煙突の直下には罐室――つまり動力部が置かれるわけですが、分離されて配置された事によってそれらスペースが小さくなってしまうのです。
これは大きな動力・ボイラーを設置出来ないことを意味し、つまるところ速力の向上が見込めない事に直結します。
しかも間が悪いことに、扶桑の就役は世紀の大海戦――ジュットランド沖海戦が行われた直後でありました。
この海戦によって、戦艦にも速力が必要である事が証明されていたのです。
世界の海軍で保有する戦艦の性能が見直されていきますが、罐室が小さい扶桑級は、改装を施しても肝心な大型ボイラーの搭載が不可能な為、速力向上が出来ない事が判明します。

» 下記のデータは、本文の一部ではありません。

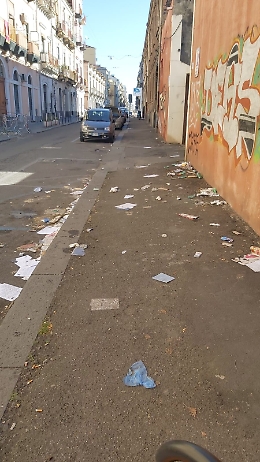 Catania, via Giuseppe Verdi: "Chi pulisce?"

その結果、就役当時で二三ノットいう速力の彼女は、仮に同規模の海戦が発生した場合、全く役に立たない事が判明しました。
そして同海戦にて露呈したもう一つの問題が装甲の重要性です。
装甲を簡略化した戦艦は、敵戦艦の砲撃を受けると即座に戦力を失う事が判明したのです。

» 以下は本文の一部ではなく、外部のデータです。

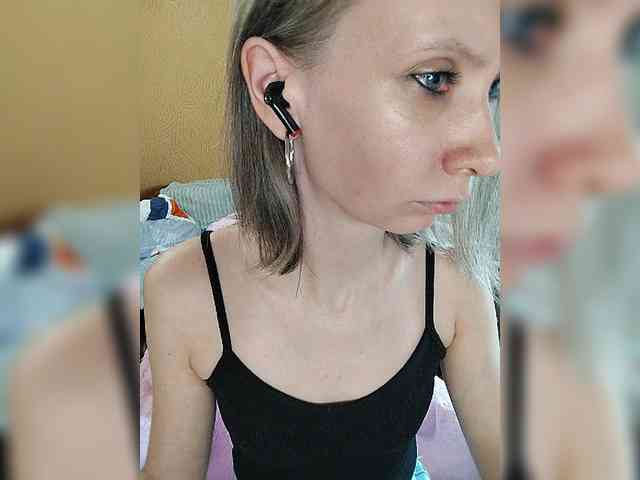 -Christina- webcam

扶桑級の装甲版はすでに旧式の物となってしまい、最大三〇.五cmの装甲では、戦艦として大した防御力にはならない事も判明してしまいました。
結局、帝国海軍がその威信と多額の費用、そして持てる技術の全てを投入して建造したものの、完成まもない新型艦であるにも関わらず、彼女は全くの能力不足な出来損ないだったのです。
未だドッグにある妹の山城にいたっては、完成前からすでに二等戦艦のレッテルを貼られることになってしまいました。
何とも不憫な話であります。
当初四隻建造の予定だった扶桑級は二番艦の山城で打ち切られ、三・四番艦は伊勢級として再設計される事となるのです。

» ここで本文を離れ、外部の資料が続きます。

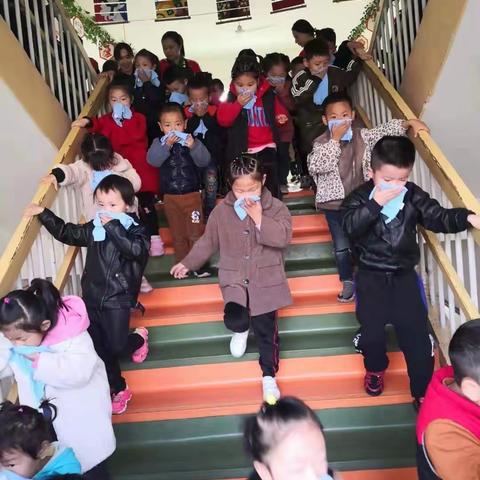 【卫校幼儿园】“消防安全记心中”安全演练活动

(もっとも伊勢級姉妹にしたところで、基本設計を引き継いだ改・扶桑級であった為、色々な問題を抱え込む事になるのですが、その顛末は「理想と現実」を参照下さい)

 数多くの問題を抱えたまま就役した扶桑・山城姉妹は、大正十三年にそろって改装を受ける事になります。
まず方位盤や側距義等の交換により射撃指揮所の向上を計り、対空兵装の強化も行ったのですが、これは正直「焼け石に水」程度の改装に過ぎませんでした。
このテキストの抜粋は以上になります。